> _TASK GOAL_
First find the line with "Dynamic shot of" in the entries below, then set down exactly every line through the line with "ハイウエストフェイクレザースカートライクショートパンツ | GYDA | 詳細画像7", that line included.

> _DATA EXTRACT_
- Opening Delimiter -

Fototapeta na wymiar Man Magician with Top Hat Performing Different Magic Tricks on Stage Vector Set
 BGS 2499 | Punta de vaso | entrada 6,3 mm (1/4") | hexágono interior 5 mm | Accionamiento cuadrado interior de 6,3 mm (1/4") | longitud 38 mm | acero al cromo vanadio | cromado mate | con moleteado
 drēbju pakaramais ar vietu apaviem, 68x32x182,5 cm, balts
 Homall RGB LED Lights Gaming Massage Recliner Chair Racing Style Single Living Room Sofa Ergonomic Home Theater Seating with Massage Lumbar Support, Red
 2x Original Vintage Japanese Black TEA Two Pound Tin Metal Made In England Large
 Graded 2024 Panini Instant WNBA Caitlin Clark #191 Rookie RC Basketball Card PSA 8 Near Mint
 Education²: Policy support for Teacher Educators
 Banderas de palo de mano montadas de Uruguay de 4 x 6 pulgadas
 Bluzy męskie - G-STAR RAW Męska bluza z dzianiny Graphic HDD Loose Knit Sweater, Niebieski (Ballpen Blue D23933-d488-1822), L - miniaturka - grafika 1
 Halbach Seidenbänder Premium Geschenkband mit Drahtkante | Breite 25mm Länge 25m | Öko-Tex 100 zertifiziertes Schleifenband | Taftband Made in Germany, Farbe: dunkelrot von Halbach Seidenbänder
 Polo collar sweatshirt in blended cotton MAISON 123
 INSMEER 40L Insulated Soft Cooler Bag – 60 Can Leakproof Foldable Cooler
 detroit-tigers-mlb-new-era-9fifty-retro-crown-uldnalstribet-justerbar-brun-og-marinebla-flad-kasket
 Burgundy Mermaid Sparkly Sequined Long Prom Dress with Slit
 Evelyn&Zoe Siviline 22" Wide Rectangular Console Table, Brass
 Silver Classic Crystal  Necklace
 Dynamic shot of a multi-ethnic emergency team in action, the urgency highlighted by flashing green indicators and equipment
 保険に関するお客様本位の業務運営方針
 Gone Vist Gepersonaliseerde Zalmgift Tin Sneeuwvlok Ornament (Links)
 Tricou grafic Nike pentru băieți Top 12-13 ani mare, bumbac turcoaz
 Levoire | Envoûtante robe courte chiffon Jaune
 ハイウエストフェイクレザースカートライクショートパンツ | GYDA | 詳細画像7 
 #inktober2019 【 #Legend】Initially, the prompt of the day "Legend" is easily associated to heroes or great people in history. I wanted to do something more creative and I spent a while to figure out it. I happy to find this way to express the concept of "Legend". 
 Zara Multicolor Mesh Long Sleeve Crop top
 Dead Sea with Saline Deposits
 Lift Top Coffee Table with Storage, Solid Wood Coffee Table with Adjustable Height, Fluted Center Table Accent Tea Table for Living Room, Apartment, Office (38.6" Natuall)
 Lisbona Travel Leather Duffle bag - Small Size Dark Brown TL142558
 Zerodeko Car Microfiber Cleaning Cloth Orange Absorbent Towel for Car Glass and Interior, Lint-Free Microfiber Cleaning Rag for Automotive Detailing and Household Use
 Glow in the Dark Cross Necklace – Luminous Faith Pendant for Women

- Closing Delimiter -

> _SOLUTION TO THIS TASK_
 Dynamic shot of a multi-ethnic emergency team in action, the urgency highlighted by flashing green indicators and equipment
 保険に関するお客様本位の業務運営方針
 Gone Vist Gepersonaliseerde Zalmgift Tin Sneeuwvlok Ornament (Links)
 Tricou grafic Nike pentru băieți Top 12-13 ani mare, bumbac turcoaz
 Levoire | Envoûtante robe courte chiffon Jaune
 ハイウエストフェイクレザースカートライクショートパンツ | GYDA | 詳細画像7 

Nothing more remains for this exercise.